Creato il 09 novembre 2010 da Eraserhead
LiverpoolSi può vedere metaforicamente il cinema di Lisandro Alonso come la trasposizione su pellicola degli spazi bianchi tra una vignetta e l’altra di un fumetto. La sua arte ci mostra quel che accade prima del “poco dopo” attraverso fotogrammi di solito non detti giungendo a costruire un’intelaiatura che al pari dei tre film precedenti si interessa di più ai micro eventi che ai macro eventi.

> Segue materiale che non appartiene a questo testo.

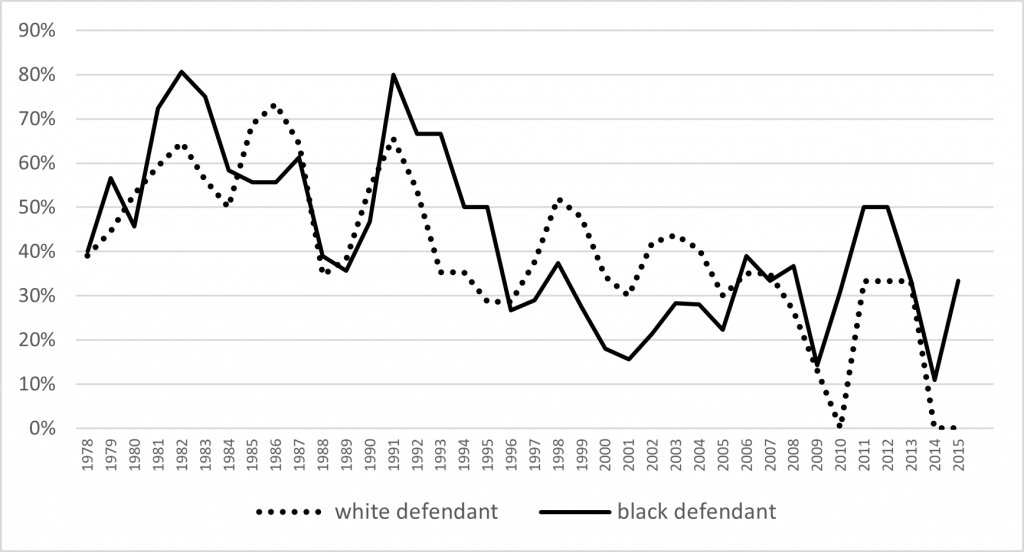 Figure 3a Jury Imposed Death Sentence by Race of Defendant (3-yr moving avg)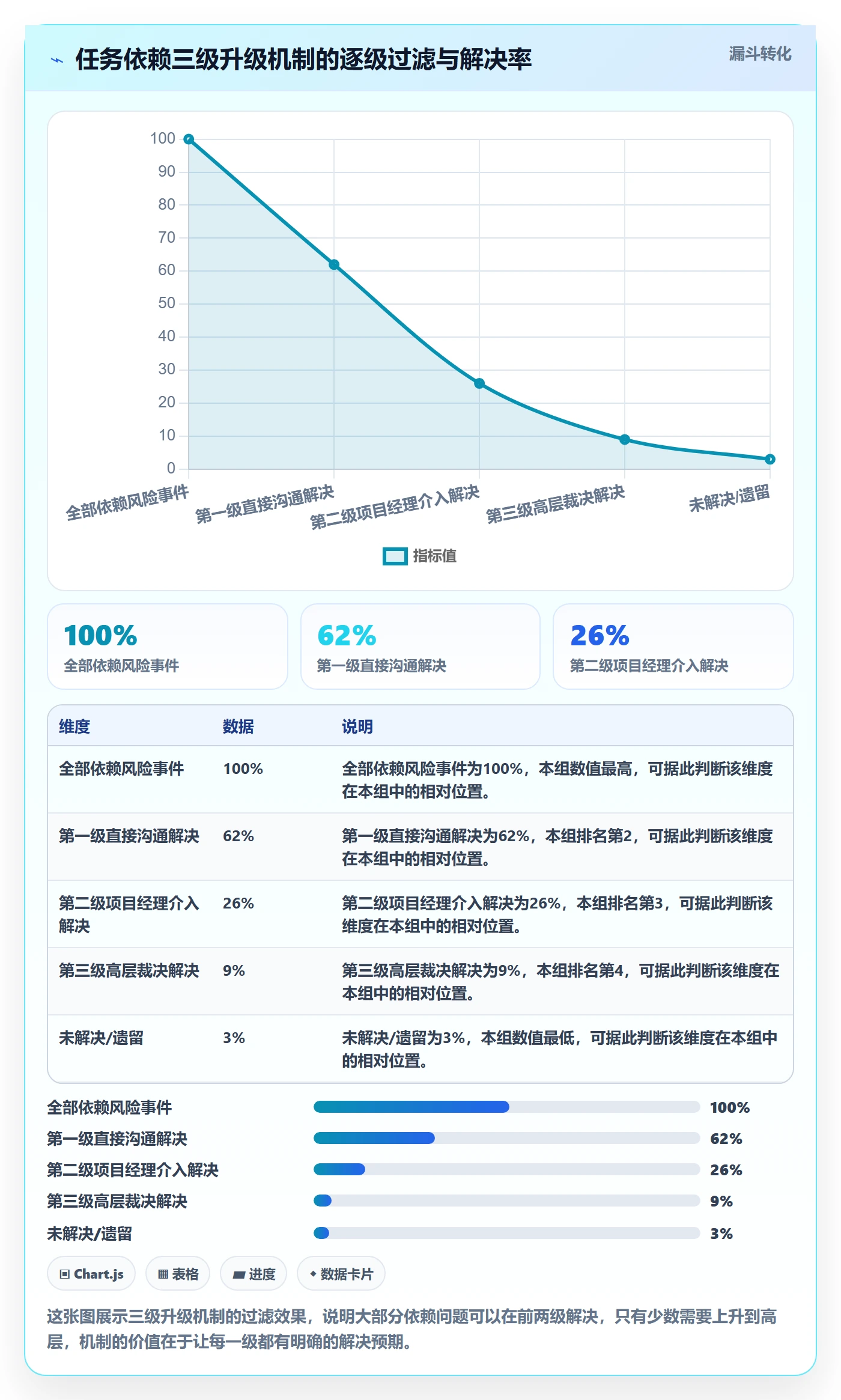 SS最佳实践:企业管理者任务依赖制度设计,常见问题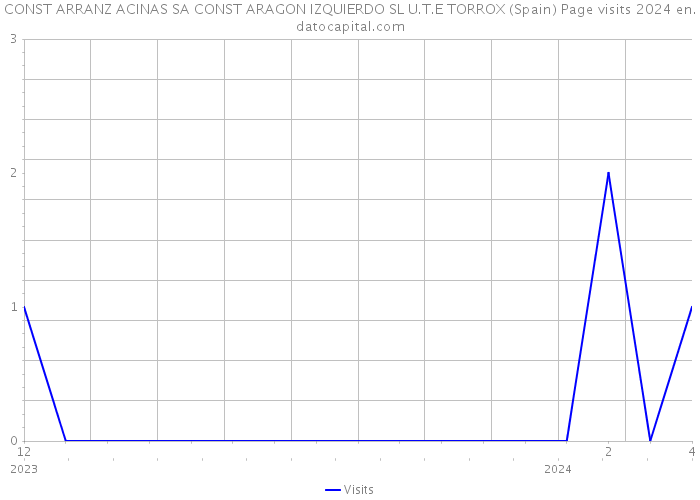 CONST ARRANZ ACINAS SA CONST ARAGON IZQUIERDO SL U.T.E TORROX (Spain) Page visits 2024 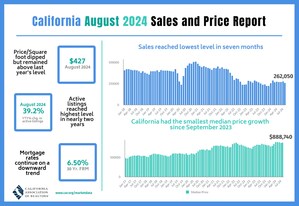 California home sales pull back in August as buyers adopt "wait and see" strategy, C.A.R. reports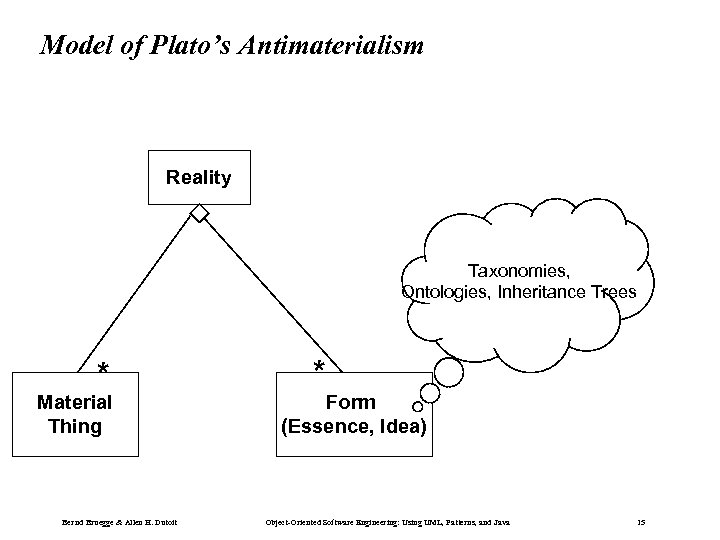 Model of Plato’s Antimaterialism Reality Taxonomies, Ontologies, Inheritance Trees * Material Thing Bernd Bruegge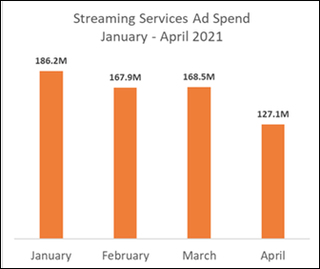 MediaMath Streaming Ad Spending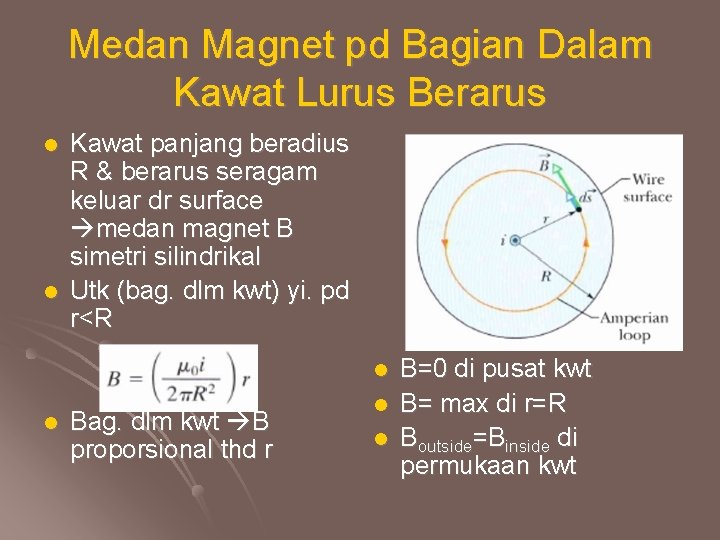 Medan Magnet pd Bagian Dalam Kawat Lurus Berarus l l Kawat panjang beradius R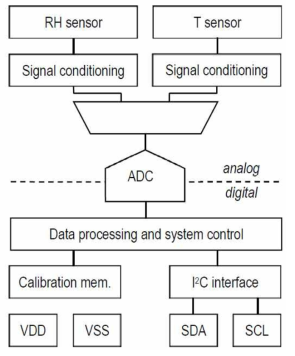 Block Diagram of the SHTC1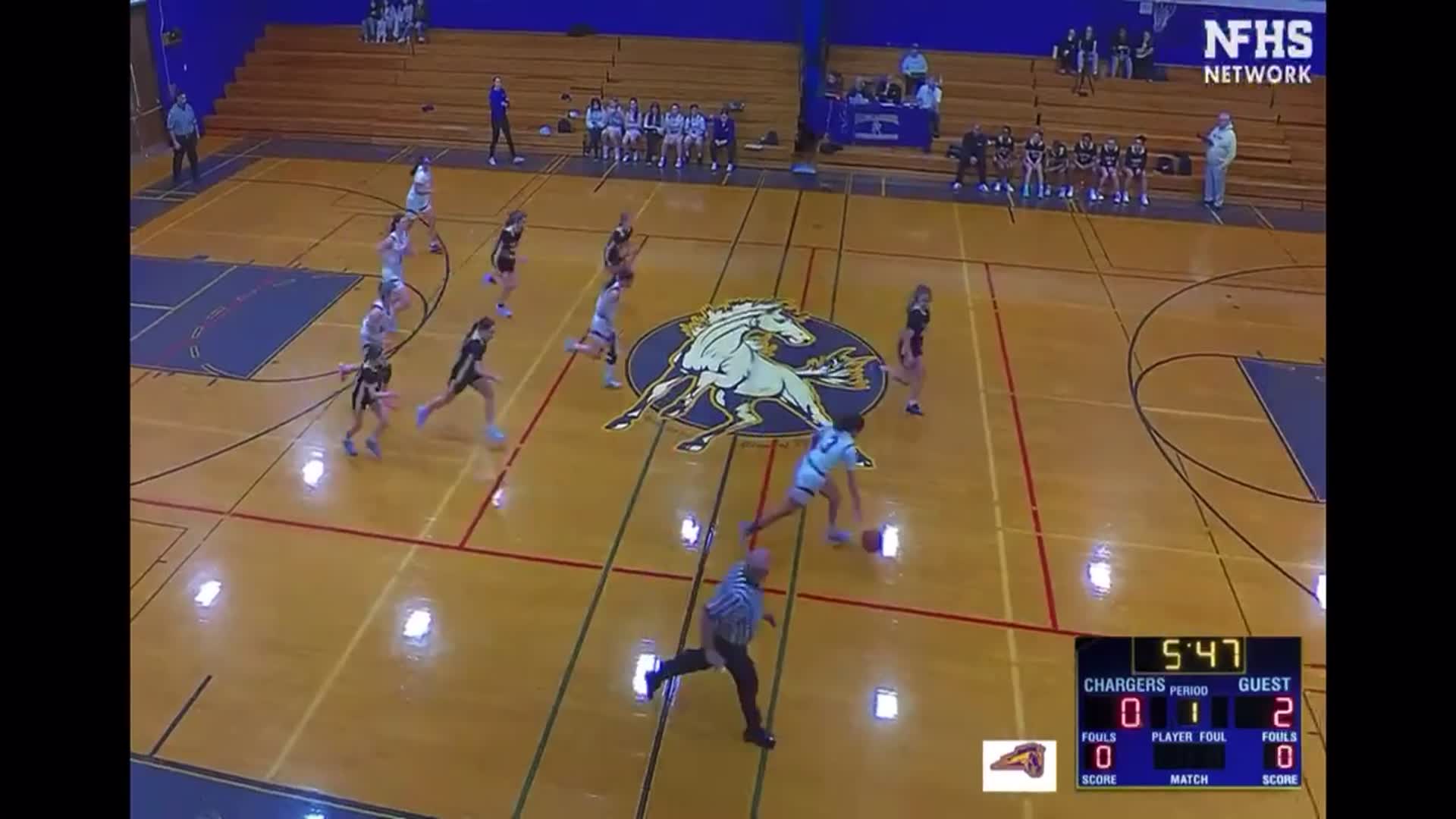 Soccer Recap: Blackstone-Millville Picks Up Third Consecutive  Victory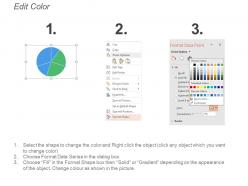 Tech cash diversified trading revenue drivers allocation chart with icons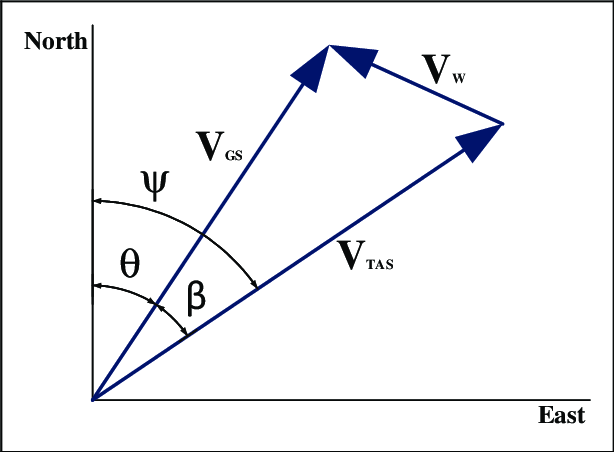 614x452 The Aircraft Ground Speed V Gs Is The Vector Sum Of The Aircraft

Qua si ha un uomo, Farrell, che lasciata la nave mercantile in cui lavora si mette in viaggio verso il paesino natale per rivedere la madre malata. Oltre ad avere un paio di rimandi a Los muertos (2004) con le immagini di Farrell che assapora la libertà bevendo alcol e passando una serata al night, si nota pian piano che il ricongiungimento con la madre (evento macro, ossia ciò che dovrebbe fungere da asse portante nella storia) è scavalcato da scene che sfiorano l’antinarrazione: i preparativi per scendere dalla barca, il locandiere che discute via radio sulle condizioni atmosferiche, l’uomo anziano che controlla se qualche animale è caduto nelle sue trappole (eventi micro, parentesi, intermezzi dilatati al limite della sopportabilità).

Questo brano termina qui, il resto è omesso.